Но вдогонку он все-таки кричал:

– Спасибо! Передайте ребятам, ценим от души!

На углу Незаметной улицы в телегу прыгнул Велехов. Он мягко взял у меня из рук вожжи и сказал:

– Давно вас тут поджидаю.

– А что такое?

– В детдоме Соколов. Секретарь райкома.

– Ну и что же?

– Да так… Когда начальство, надо подготовиться. Мало ли…

– Эх, Велехов, Велехов… Ну, как ты думаешь, что мне скрывать от начальства?

– Да хоть меня. Зачем такую чучелу выставлять?

– Ладно уж, каков есть. Кстати, тебе Лепко привет передает.

– Помнит, значит. А вы нас нарочно разделяете? Он там, я здесь?

– Нарочно.

– Так я и знал. А зачем, интересно? Что вы этим мечтаете достигнуть?

Отвечать было недосуг, да и не нашлась я сразу, а Милка уже стала у нашего забора.

Соколов, окруженный ребятами, сидел за столом, склонившись над черешенским альбомом с фотографиями.

– А это Митя Королев! – услышала я Тонин голос. – Правда, хороший?

– Правда! – Соколов поднял голову и встал.

Поздоровавшись, я заглянула в раскрытый альбом. Первая карточка, которая бросилась мне в глаза, – Митя, обнявший за плечи Шуру: их сняли вскоре после Митиного возвращения из Одесской больницы.

– А вот Анюта, самая наша красивая девочка!

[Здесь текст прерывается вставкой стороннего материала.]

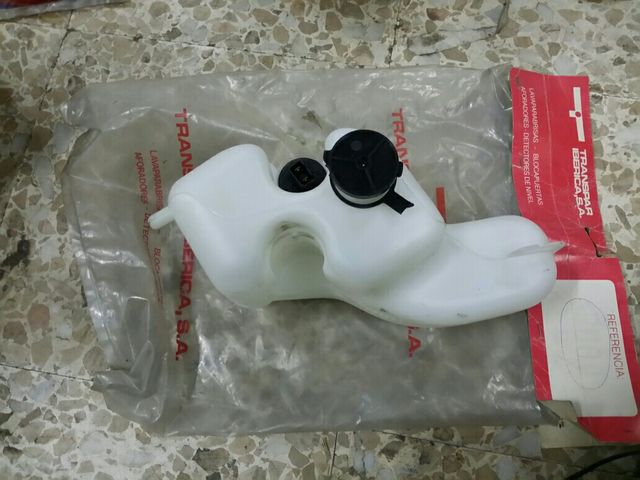 Deposito Limpiaparabrisas Renault Supercinco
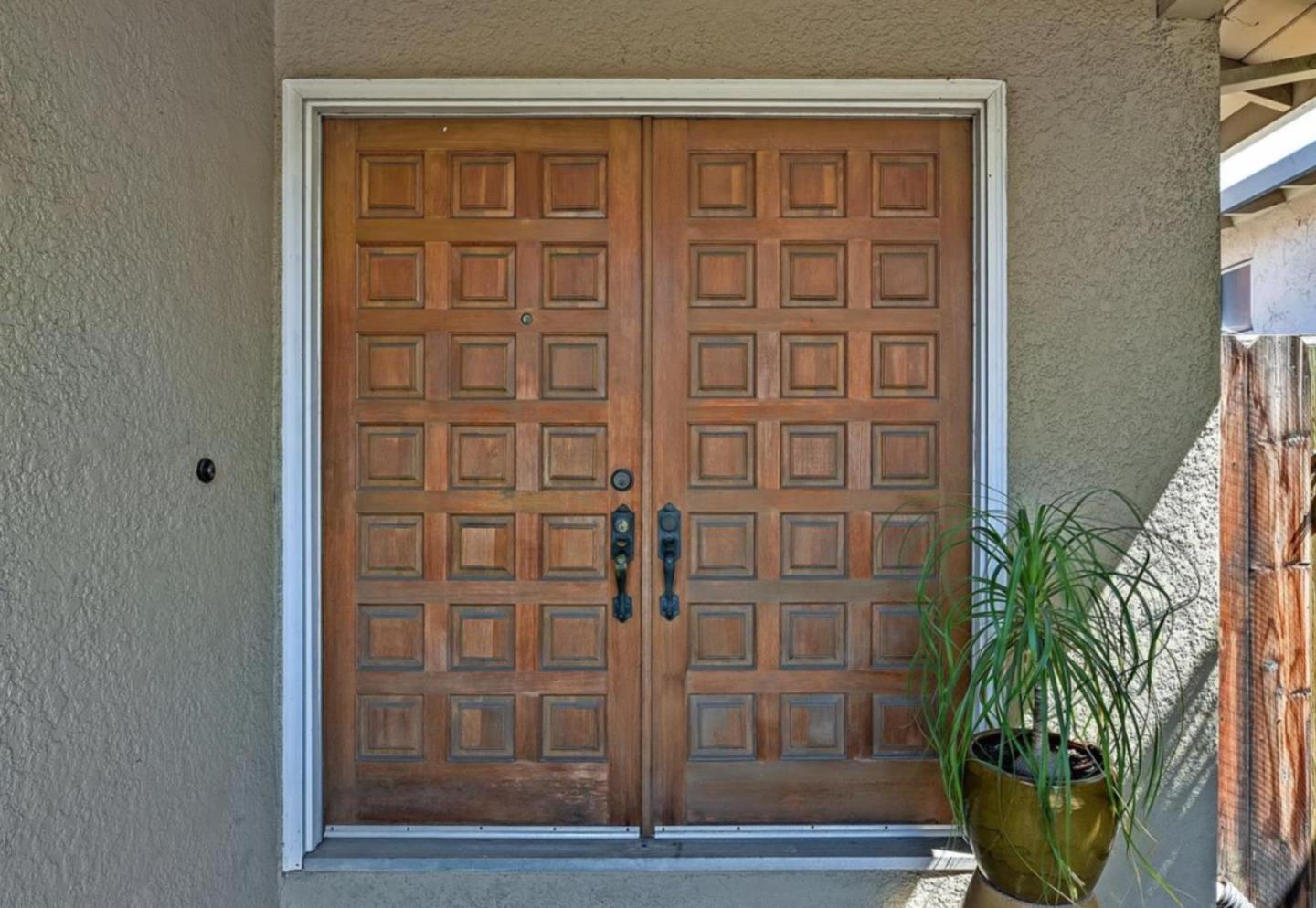 Detail Gallery Image 2 of 32 For 6558 Crown Blvd, San Jose,  CA 95120 - 3 Beds | 2 Baths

Правда, красивая? – спрашивала Тоня.

– Правда! – послушно согласился Соколов.

– А это ее сестра Наташа, она сейчас в лесу на подсочке. Тоже красивая, правда?

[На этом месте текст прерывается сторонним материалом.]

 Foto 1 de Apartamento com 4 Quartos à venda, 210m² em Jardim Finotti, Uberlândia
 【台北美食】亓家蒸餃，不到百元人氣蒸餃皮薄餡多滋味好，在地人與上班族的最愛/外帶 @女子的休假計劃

– Я вижу, вы все тут красивые и хорошие! – заметил Соколов.

Велехов поставил на стол землянику – ее встретили дружным воплем восторга. Тотчас появились миски.

Тоня, вооружившись ложкой, быстро и ловко разделила ягоды между всеми. Соколову она положила не три, а четыре ложки. Он было остановил ее руку, но она строго сказала:

– Вы гость. Гостю всегда больше!

Я взяла альбом и стала листать его. Вася Коломыта – танкист. Ваня Горошко – костюмер в кукольном театре, а театр разъезжает по фронтам… Мефодий Шупик – в пехоте, на Юго-Западном… Искра – сапер… Федя Крещук, Лира, Катаев – их первая карточка после поступления в летное училище: лихие, с пилотками набекрень, белозубые, яркоглазые Ну, как не сказать: «Правда, хорошие? Правда, красивые?»